* _Task description_
Where the records below show the word "Thumbnail" in a line, please copy that line.

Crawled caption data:
◆ ◆ ◆
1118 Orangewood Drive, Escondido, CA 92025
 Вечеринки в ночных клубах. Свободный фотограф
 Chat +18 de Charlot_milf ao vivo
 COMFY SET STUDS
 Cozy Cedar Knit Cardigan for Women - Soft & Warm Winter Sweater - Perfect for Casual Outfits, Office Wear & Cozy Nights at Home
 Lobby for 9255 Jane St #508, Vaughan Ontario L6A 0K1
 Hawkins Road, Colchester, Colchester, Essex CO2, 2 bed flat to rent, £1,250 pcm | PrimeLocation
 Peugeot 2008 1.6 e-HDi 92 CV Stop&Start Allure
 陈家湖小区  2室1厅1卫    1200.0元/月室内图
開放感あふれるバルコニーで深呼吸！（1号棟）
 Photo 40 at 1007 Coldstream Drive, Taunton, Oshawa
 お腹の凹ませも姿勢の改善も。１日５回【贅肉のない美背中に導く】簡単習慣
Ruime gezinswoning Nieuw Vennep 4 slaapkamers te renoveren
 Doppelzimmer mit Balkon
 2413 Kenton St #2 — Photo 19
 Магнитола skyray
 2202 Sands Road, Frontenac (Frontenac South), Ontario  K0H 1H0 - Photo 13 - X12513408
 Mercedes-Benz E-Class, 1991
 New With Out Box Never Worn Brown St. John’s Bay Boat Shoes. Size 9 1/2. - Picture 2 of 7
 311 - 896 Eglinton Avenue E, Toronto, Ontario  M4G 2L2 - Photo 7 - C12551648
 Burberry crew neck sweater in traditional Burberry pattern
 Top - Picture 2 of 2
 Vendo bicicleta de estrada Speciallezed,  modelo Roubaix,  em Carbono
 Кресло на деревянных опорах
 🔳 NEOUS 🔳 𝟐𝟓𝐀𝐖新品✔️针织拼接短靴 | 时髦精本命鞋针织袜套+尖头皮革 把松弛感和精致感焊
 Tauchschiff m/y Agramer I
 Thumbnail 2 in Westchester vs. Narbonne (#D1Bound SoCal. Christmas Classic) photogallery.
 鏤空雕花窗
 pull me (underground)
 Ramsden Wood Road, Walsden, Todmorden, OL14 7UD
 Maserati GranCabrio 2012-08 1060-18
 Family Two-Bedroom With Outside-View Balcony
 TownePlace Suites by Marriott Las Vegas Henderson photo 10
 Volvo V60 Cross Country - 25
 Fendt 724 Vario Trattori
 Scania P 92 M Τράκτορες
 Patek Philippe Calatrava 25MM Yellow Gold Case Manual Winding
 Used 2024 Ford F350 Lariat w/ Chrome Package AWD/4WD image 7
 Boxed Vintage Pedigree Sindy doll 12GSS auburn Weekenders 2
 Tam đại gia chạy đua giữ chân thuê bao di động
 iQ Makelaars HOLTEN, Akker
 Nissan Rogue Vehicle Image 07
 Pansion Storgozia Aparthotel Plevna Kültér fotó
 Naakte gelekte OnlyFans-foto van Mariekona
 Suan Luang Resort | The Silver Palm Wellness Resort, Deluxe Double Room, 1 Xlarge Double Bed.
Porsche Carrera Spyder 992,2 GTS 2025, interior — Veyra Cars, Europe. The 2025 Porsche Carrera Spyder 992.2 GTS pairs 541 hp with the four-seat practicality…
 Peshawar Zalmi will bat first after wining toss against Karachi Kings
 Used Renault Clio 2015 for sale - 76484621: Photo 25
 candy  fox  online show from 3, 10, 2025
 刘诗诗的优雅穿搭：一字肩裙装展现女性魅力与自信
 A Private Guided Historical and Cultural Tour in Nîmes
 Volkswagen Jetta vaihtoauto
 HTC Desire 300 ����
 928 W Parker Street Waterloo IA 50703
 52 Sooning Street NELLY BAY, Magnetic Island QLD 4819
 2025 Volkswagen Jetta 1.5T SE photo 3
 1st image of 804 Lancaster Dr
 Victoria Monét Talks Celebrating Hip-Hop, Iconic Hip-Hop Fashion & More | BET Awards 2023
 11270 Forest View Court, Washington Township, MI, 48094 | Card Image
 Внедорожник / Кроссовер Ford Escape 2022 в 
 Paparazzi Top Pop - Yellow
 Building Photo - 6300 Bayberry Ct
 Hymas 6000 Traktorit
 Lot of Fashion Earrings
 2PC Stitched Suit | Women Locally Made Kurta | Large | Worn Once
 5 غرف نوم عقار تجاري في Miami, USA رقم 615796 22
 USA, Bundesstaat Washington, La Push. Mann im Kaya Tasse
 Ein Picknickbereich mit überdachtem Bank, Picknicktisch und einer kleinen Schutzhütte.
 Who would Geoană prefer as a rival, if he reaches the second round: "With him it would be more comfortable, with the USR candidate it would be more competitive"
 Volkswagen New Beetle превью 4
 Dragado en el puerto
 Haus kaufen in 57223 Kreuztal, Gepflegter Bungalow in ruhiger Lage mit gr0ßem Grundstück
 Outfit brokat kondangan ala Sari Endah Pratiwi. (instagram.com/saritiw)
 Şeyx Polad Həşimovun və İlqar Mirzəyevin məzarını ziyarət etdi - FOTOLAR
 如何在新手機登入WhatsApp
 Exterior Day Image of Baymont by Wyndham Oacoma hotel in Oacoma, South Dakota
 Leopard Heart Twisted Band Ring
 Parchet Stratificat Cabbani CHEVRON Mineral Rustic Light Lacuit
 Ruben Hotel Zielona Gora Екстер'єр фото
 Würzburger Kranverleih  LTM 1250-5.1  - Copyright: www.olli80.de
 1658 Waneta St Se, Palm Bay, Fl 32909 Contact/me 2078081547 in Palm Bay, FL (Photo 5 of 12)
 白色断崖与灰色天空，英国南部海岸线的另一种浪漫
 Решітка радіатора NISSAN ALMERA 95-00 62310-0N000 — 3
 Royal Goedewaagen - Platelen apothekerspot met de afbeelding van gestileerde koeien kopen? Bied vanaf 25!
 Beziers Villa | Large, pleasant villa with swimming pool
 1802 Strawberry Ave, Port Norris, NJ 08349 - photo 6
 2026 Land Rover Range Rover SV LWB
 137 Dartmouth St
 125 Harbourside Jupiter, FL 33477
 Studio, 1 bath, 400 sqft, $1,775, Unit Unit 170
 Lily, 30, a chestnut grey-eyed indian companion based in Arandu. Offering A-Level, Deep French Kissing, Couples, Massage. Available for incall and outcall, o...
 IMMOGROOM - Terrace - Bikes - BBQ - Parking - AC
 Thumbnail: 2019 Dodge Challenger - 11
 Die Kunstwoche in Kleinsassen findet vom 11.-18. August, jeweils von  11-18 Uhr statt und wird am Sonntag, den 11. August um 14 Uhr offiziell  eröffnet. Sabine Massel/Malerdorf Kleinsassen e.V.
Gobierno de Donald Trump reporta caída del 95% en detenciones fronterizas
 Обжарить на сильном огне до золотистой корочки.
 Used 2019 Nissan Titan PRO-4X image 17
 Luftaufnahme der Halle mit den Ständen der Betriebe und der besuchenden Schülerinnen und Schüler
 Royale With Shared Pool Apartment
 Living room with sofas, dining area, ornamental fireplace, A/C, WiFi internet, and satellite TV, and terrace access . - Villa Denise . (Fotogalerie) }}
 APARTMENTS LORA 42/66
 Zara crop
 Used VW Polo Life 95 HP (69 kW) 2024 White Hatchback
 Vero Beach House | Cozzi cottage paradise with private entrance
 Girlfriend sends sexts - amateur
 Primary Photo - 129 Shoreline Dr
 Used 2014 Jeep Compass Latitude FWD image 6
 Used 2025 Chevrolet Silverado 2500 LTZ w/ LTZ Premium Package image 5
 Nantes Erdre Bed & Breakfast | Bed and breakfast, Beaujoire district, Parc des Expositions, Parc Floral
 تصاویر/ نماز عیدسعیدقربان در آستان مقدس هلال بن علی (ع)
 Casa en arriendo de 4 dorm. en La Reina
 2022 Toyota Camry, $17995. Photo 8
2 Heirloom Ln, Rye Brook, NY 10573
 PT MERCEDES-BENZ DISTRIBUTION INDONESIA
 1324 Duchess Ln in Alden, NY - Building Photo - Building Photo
◆ ◆ ◆
* _Answer to this problem_
 Thumbnail 2 in Westchester vs. Narbonne (#D1Bound SoCal. Christmas Classic) photogallery.
 Thumbnail: 2019 Dodge Challenger - 11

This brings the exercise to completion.